Every Tuesday at 9 a.m. I pick up the phone and call her.
I dial her number, one I know by heart. Her name is Roberta. But I call her Nana Bert — my grandmother.
A few years ago, after my grandpa passed away, I told her I would do a better job of keeping in contact. At that point we only talked sporadically. Usually when she would call me.
With two young daughters, a husband rarely home, and miles and time zones between us, I had plenty of excuses for not doing a better job of keeping in touch.
None of them were very good.
That very first Tuesday, after the funeral, I pulled through the Starbucks drive-thru, ordered a Cinnamon Dolce Latte, and parked. With one hand I pushed a DVD into the player overhead for my youngest daughter, with the other I picked up my cell phone and called her.
Some weeks we talk about everyday life. She fills me in on my cousins, nieces and nephews, aunts and uncles.

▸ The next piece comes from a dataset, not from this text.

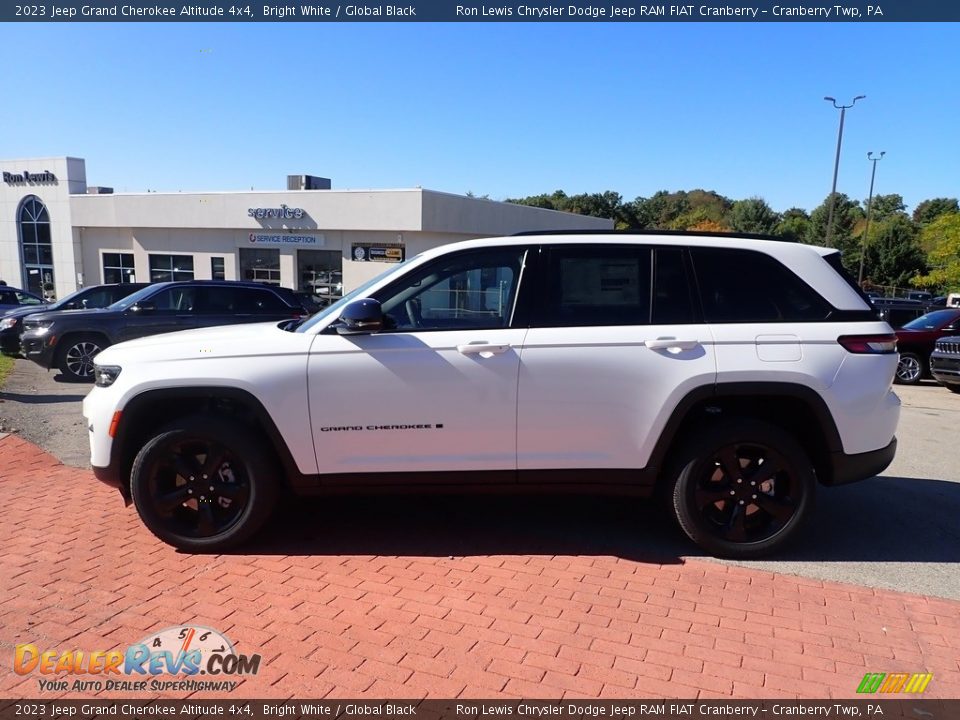 2023 Jeep Grand Cherokee Altitude 4x4 Bright White / Global Black Photo #2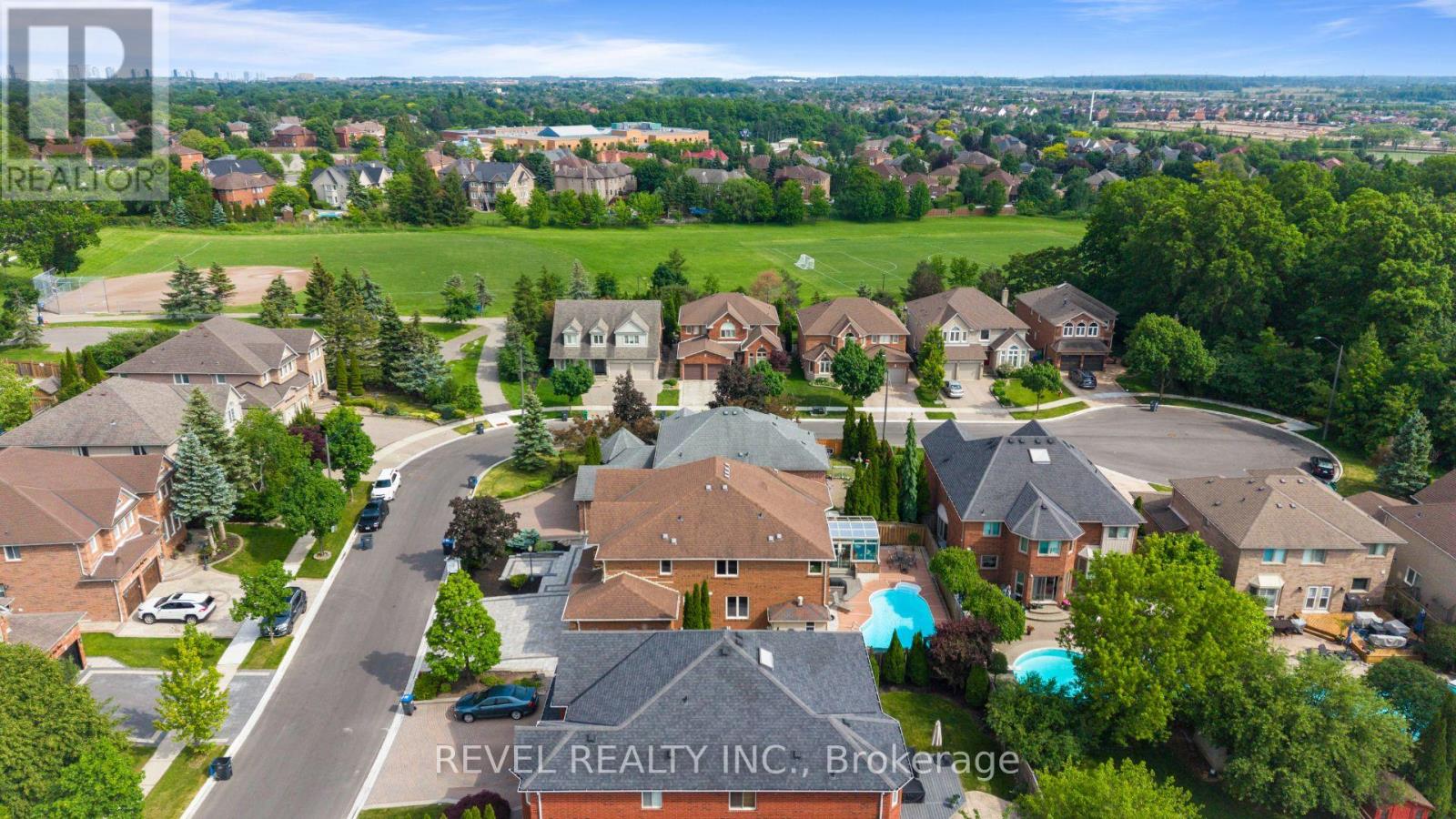 6872 Round Leaf Court, Mississauga, Ontario  L5N 6X6 - Photo 43 - W13753984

She catches me up on all the happenings at home and I fill her in on the latest from our family. Other weeks we reminisce about Grandpa George, family history, or the camping trips they took us on as kids.
We talk about the time my two cousins, sister, and I rolled down a hill laughing. Dust billowed into the air and filled our mouths as we rolled round and round, down, down. Nana had to give us sponge baths in the camper sink when we returned to camp covered in dirt. The white washcloth was caked with mud by the time it was my turn to get wiped down.
Some weeks I discover things I never knew. How my great-grandmother left her family and went to art school in San Francisco where she met and married my great-grandfather.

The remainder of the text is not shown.